**Required action**:
The whole listing below must be repeated exactly.

**Information provided**:
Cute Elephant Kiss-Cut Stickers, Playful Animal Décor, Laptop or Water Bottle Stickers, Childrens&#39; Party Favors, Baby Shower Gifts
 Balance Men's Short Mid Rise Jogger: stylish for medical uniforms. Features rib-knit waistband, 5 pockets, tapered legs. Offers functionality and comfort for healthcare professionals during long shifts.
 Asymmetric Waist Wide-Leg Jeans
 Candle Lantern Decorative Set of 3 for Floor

**Solved exercise**:
Cute Elephant Kiss-Cut Stickers, Playful Animal Décor, Laptop or Water Bottle Stickers, Childrens&#39; Party Favors, Baby Shower Gifts
 Balance Men's Short Mid Rise Jogger: stylish for medical uniforms. Features rib-knit waistband, 5 pockets, tapered legs. Offers functionality and comfort for healthcare professionals during long shifts.
 Asymmetric Waist Wide-Leg Jeans
 Candle Lantern Decorative Set of 3 for Floor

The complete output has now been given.